Extracted records:
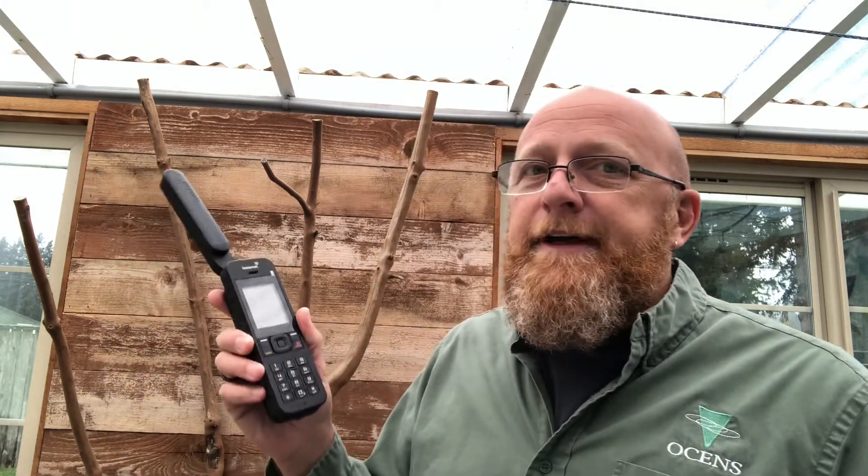Good afternoon, my name is Jeff Thomason, I'm with Oceans, and I'm here to show you how easy it is to use an ISAT phone at home. Where we happen to live, we're rather prone to power outages during the winter due to a lot of trees and such. A lot of people don't realize that whenever our power goes out, the cell tower nearby actually loses power too, so we end up with no cell phones, no power, nothing.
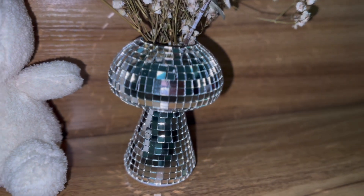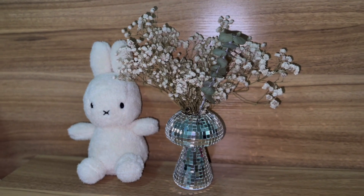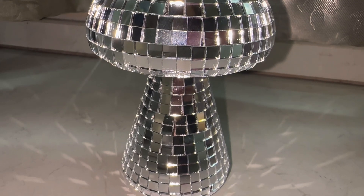Whether you are looking to add a touch of charm to your living room, or a pop of color to a bedroom, this premium glass vase is the perfect fit. Its versatile appeal enhances any space with delightful flair.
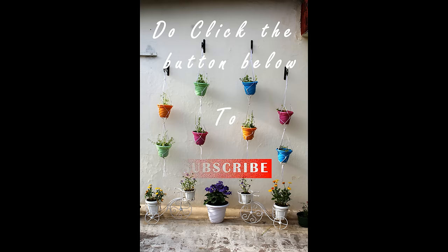If you liked the video, please hit the like button and do subscribe. Till then, take care.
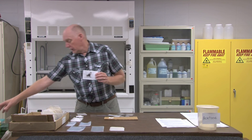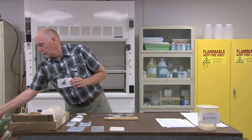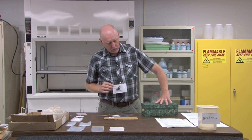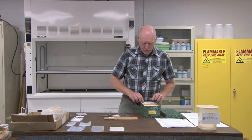At this point, it's ready for storage into an appropriate storage box. I make my own storage boxes out of 3x5 file card boxes and store the specimens vertically where they take up less room.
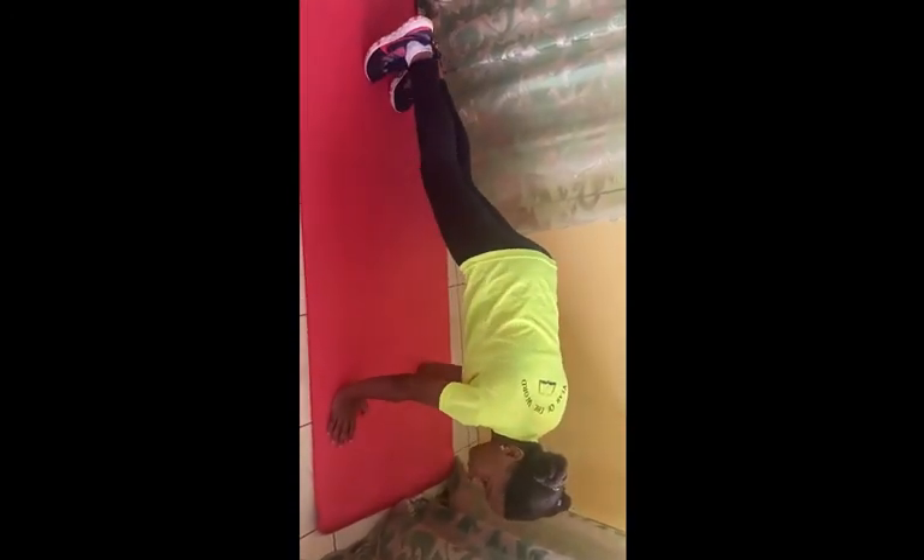Now we're going through the step-by-step process. First, start in a press-up position with your hands shoulder width apart directly beneath your shoulders like this. As quickly as you can, pull your right knee towards your chest without letting it touch the floor, then return to the starting position. Repeat with your left knee. Continue until you have completed the required amount of repetitions. That's how you do mountain climbers. I hope you enjoyed this video. Bye!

Exercise prompt: Your task is to retype the listing exactly, without its pictures.

Output:
Good afternoon, my name is Jeff Thomason, I'm with Oceans, and I'm here to show you how easy it is to use an ISAT phone at home. Where we happen to live, we're rather prone to power outages during the winter due to a lot of trees and such. A lot of people don't realize that whenever our power goes out, the cell tower nearby actually loses power too, so we end up with no cell phones, no power, nothing.
Whether you are looking to add a touch of charm to your living room, or a pop of color to a bedroom, this premium glass vase is the perfect fit. Its versatile appeal enhances any space with delightful flair.
If you liked the video, please hit the like button and do subscribe. Till then, take care.
At this point, it's ready for storage into an appropriate storage box. I make my own storage boxes out of 3x5 file card boxes and store the specimens vertically where they take up less room.
Now we're going through the step-by-step process. First, start in a press-up position with your hands shoulder width apart directly beneath your shoulders like this. As quickly as you can, pull your right knee towards your chest without letting it touch the floor, then return to the starting position. Repeat with your left knee. Continue until you have completed the required amount of repetitions. That's how you do mountain climbers. I hope you enjoyed this video. Bye!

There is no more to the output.